In the context of online shopping, visual information is one of the most important factors influencing your customer’s decision to make a purchase.

Research shows that around three-quarters of online shoppers in the US rely on visual content like images and videos to determine whether to make a purchase. By comparison, only 3% of shoppers say they do not use any visual information.

With visual search, a user can effectively search for items using an image, rather than text. An algorithm examines the image based on shape, color, texture, and other features. These may be characteristics that the human eye can detect, but they may go beyond human visual capability as well. The AI then searches the web for images that are closely compared to the queried image.

Visual search tools enable you to offer a smoother, more frictionless experience for customers. With this technology, it’s possible to help your customers find exactly what they want quicker than ever before.

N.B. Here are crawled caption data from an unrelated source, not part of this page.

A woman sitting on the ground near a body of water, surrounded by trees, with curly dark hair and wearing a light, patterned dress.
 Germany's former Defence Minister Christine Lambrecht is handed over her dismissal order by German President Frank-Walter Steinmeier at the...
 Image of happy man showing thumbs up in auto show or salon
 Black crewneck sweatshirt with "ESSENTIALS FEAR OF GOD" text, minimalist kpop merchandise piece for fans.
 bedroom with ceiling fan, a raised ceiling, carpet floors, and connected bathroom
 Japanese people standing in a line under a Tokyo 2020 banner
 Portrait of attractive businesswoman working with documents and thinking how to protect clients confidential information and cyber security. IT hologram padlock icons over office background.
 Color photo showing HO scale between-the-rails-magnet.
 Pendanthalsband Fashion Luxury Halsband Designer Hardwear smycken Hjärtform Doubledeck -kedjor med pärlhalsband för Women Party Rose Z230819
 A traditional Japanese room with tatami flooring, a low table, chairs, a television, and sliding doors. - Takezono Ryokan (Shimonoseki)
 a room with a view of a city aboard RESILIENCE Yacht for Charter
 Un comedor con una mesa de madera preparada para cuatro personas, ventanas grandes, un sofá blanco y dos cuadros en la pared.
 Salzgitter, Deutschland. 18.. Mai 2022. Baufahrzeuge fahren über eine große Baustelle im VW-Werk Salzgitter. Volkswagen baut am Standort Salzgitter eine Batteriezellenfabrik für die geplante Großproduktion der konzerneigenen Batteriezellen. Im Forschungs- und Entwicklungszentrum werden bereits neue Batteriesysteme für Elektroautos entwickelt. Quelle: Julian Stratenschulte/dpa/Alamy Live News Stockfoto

If you want to engage new consumers, you can do it through visual search tools. Visual search is popular among your customer base. Many of your customers are already engaged in visual search practices at some level. And those who aren’t already using it say they’re likely to try it soon.

Data suggests that 56% of consumers in the US are at least aware of visual search tools. Seven in ten consumers who are aware of these tools say they’re likely to try it if they’re not using it now. Unsurprisingly, younger consumers are leading in terms of visual search adoption for eCommerce: 72% of Millennial and Gen-Z respondents said they would like to use it for shopping purposes.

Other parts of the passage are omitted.